Label Pince-oreilles, 2024, 16 euros.
Nos chouchous de Watchdog sortent un nouvel album qui s’avère encore une fois bien réjouissant de créativité. Anne Quillier (claviers) et Pierre Horckmans (clarinettes) reviennent en quelque sorte « aux sources » de ce groupe, né il y a tout juste dix ans, et dont les apparitions régulières sont entrecoupées par de nombreuses échappées dans d’autres formations.
Après la formidable expérience Les animaux qui n’existent pas, où le duo conviait une comédienne et poétesse aux textes forts et imagés, nous aurions bien tort de bouder ce retour à deux et en instrumental. Voilà assurément une pierre de plus ajoutée à l’édifice du kiff des oreilles qu’il et elle bâtissent avec sérénité et régularité.
Le piano électrique et les clarinettes sont toujours truffés de traitements qui modifient leur timbre de manière étonnante. L’expérimentation sonore, peut-être moins systématique que sur les trois précédents enregistrements mais poussée encore plus loin à mesure qu’on avance dans l’écoute, est réussie en ce sens qu’elle ne fait pas diversion ni ne gêne la musicalité. Aucun effet n’est gratuit ou superflu et, au-delà du « comment font-iels cela ? », on se dit que tout est en bonne place. Parfois, on est porté aux confins du space rock et au bon moment on revient au minimalisme d’une intimité chaleureuse.

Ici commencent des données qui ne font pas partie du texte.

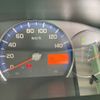 toyota pixis-space 2012 -TOYOTA--Pixis Space DBA-L575A--L575-0011039---TOYOTA--Pixis Space DBA-L575A--L575-0011039- image 17
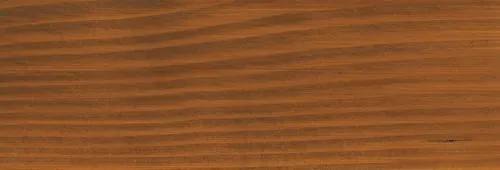 Osmo-Holzschutz &Ouml;l-Lasur Nussbaum 2,50 L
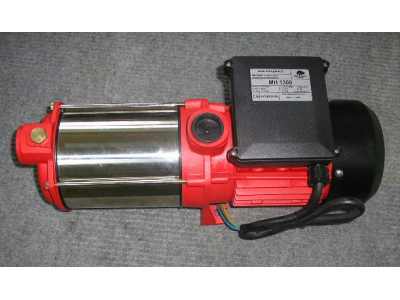 Dobór odpowiedniej pompy do hydroforu Dobór odpowiedniej pompy do hydroforu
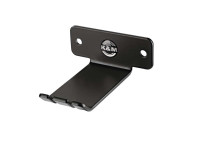 K&M 16311 Suporte para Auscultadores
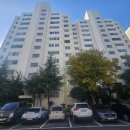 대우마리나아파트 이미지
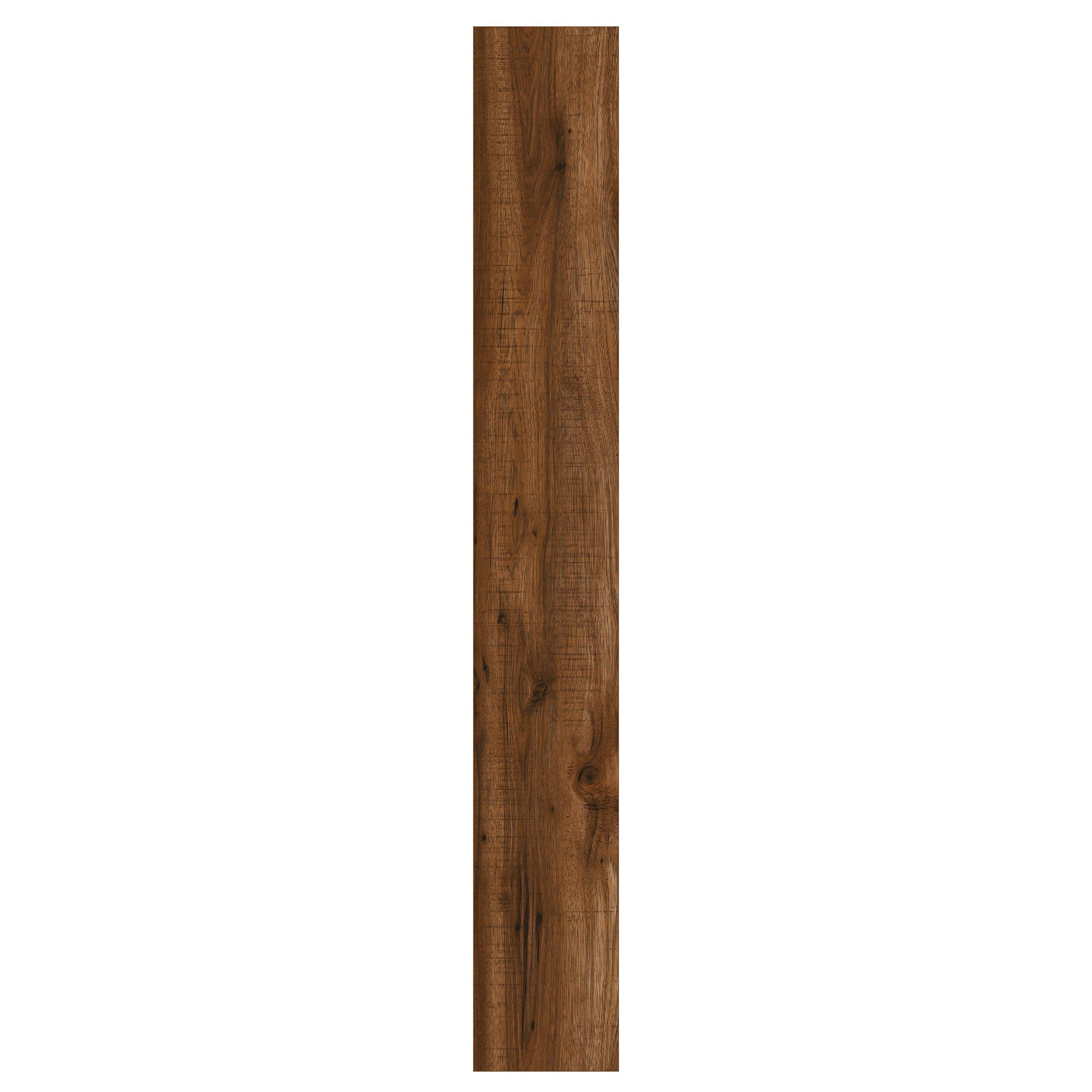 Hickory Mill Waterproof Laminate Plank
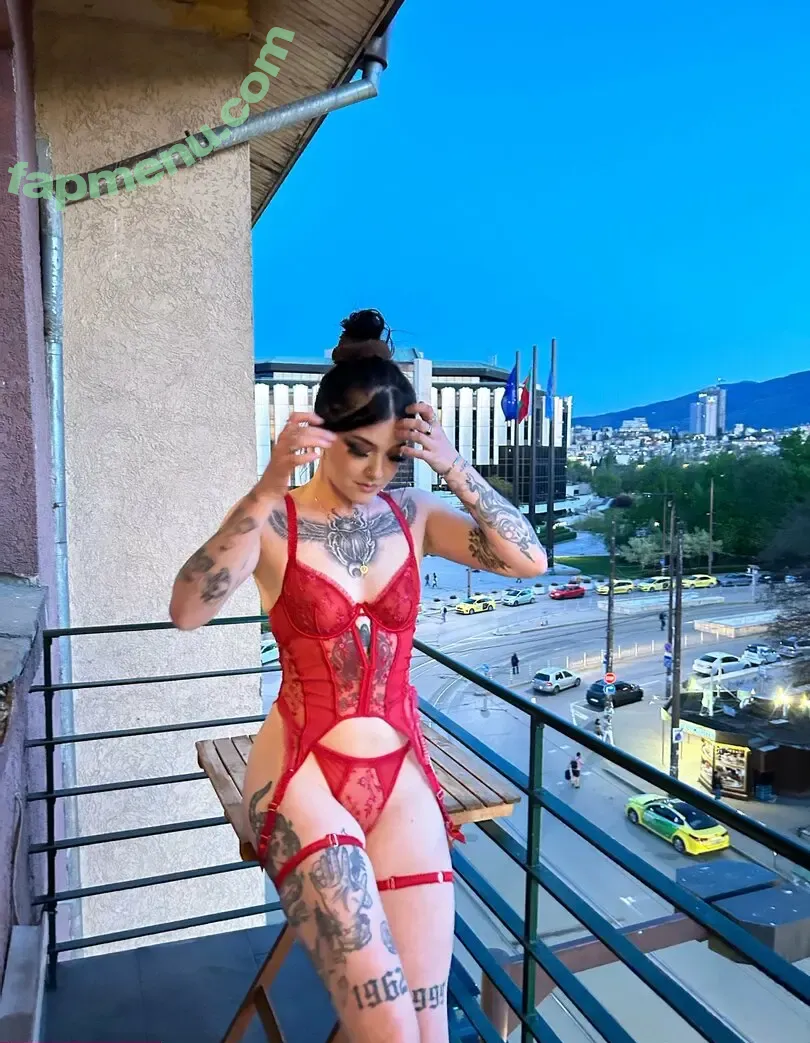 kaszxfree nude photo #0014 (kassafree)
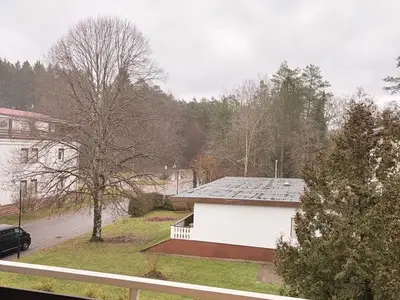 Ferienwohnung für 4 Personen (53 m²) 3/10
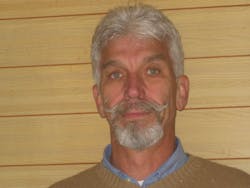 Denny Pollard 10964034 Denny Pollard 10964034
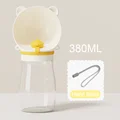 White 380ML 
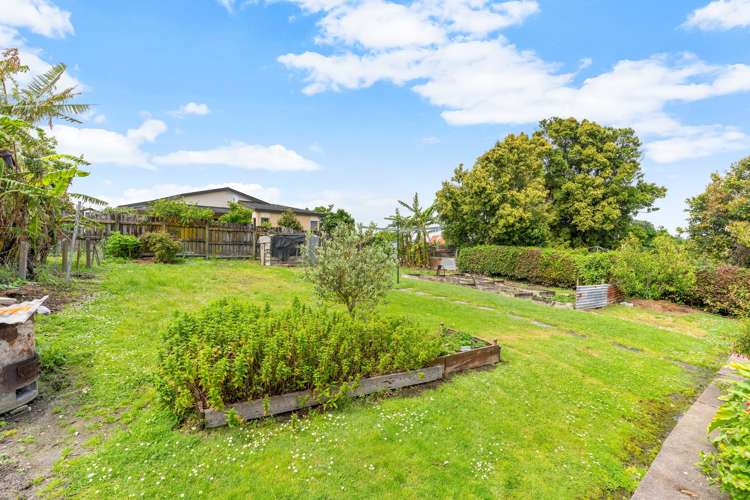 105 Normanby Street Dargaville_12
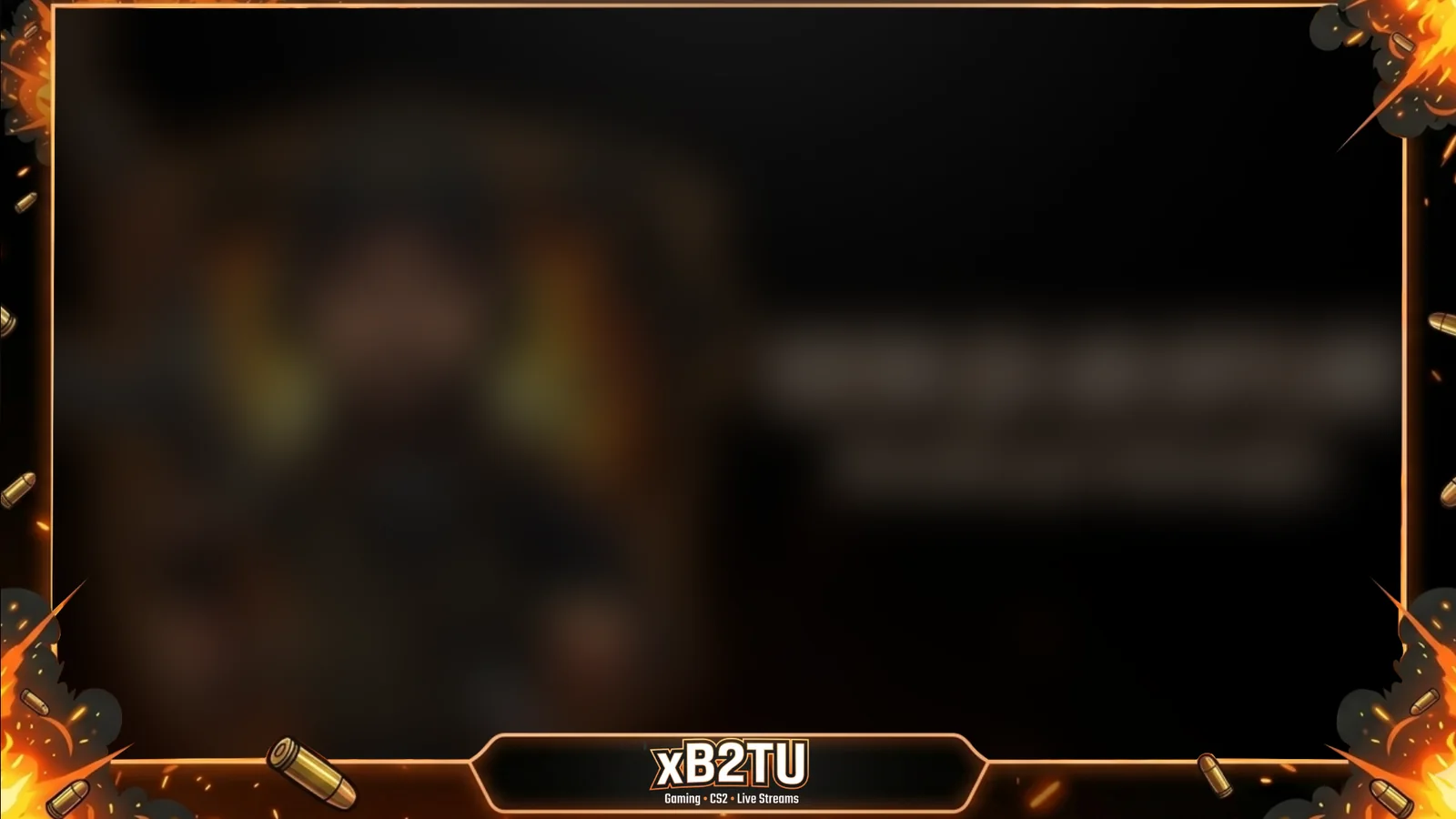 xB2TU
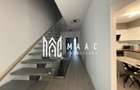 Casa tip duplex I 5 camere I Curte I Zona Calea Poplacii - 24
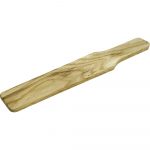 Honigspaten aus Holz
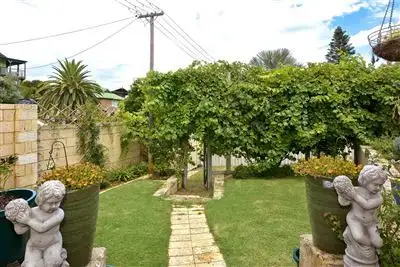 Main view of Homely house listing, 36 Hickory Road, Quinns Rocks WA 6030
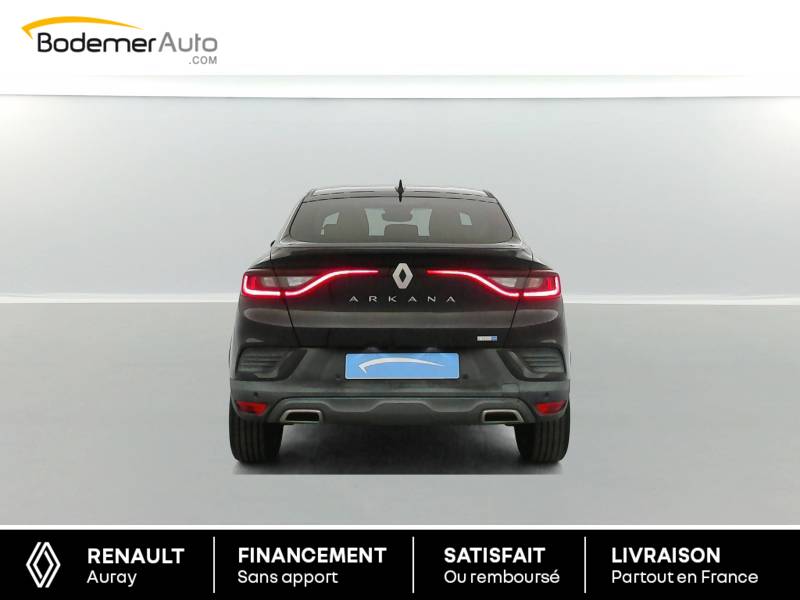 Annonce 488189591/220342 photo4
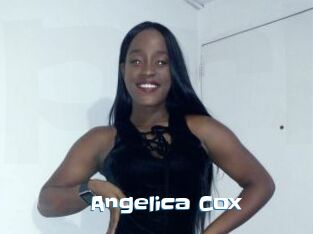 Angelica_Cox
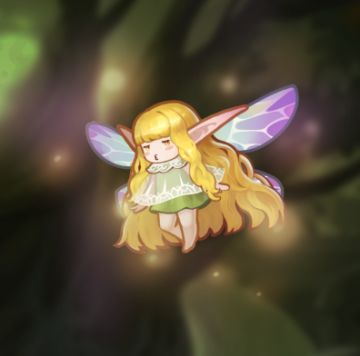 阿珍加班，一击撤离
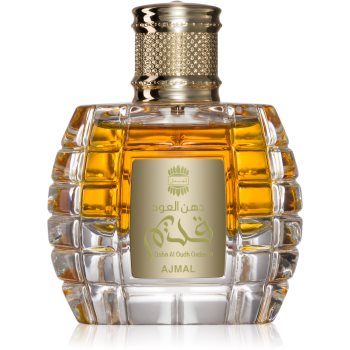 Ajmal Dahn Al Oudh Qadeem Eau de Parfum unisex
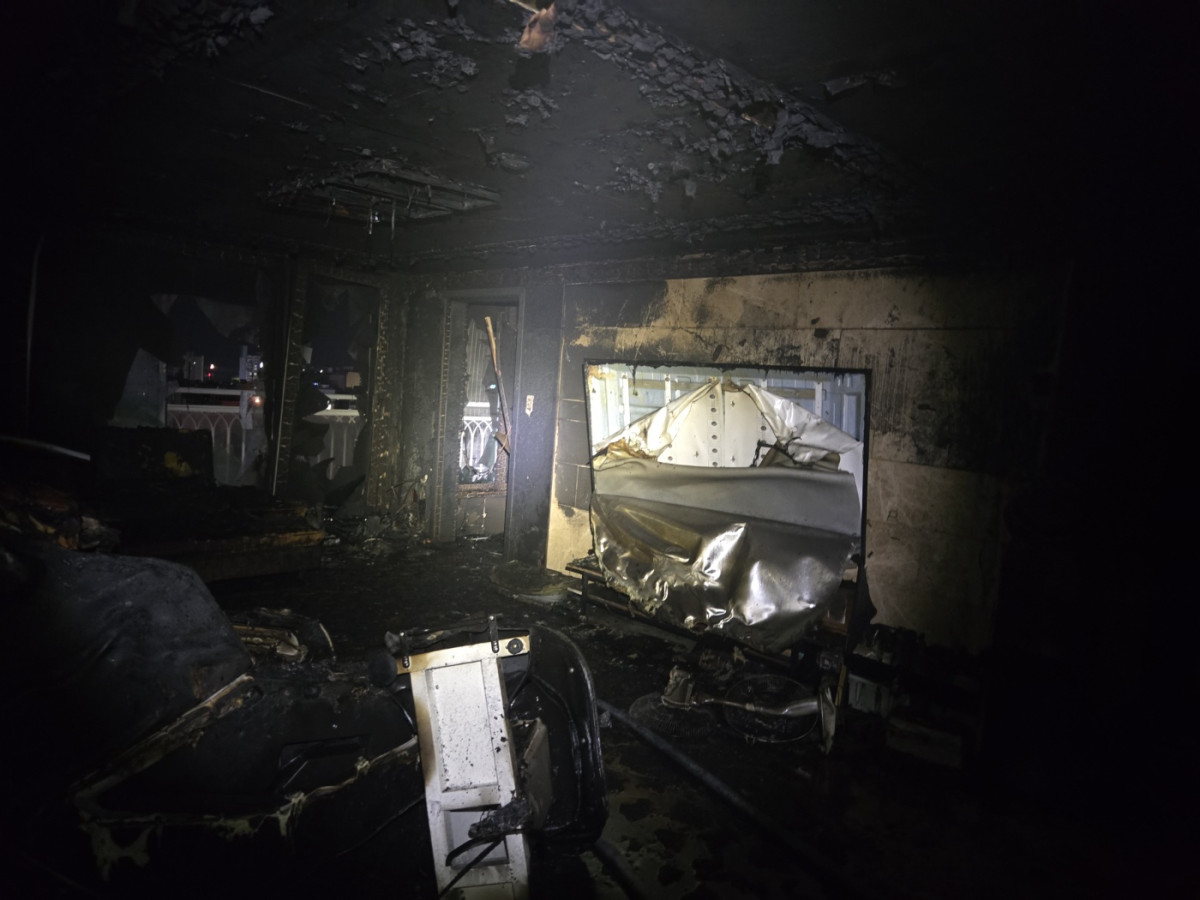 (사진제공=부산소방본부)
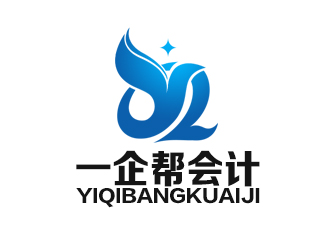 余亮亮的logo設計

Une pochette du dessinateur Benjamin Flao comme un décor de théâtre qui semble renfermer mille recoins à explorer, des titres toujours aussi mystérieux (qui rêve dans « Le rêve de l’autre » ?), ajoutons à cela un clip que l’on trouvera, au choix, drôle, flippant ou les deux (où nos protagonistes sont affubléEs de masques de caniche et de lapin façon Donnie Darko) et on se dit que, décidément, tout dans cet univers invite à se laisser emmener dans des méandres de fantasmagories et à se faire sa propre histoire.
Les mélodies, toujours aussi tordues, inattendues, ludiques et inexplicablement émouvantes, participent à une musique généreuse et accueillante. Exigeante bien sûr, juste ce qu’il faut pour marquer sa singularité, mais sans oublier d’être accessible. Bref, n’ayez pas peur du chien de garde, ses jappements sont toujours amicaux pour les oreilles qui se montrent curieuses.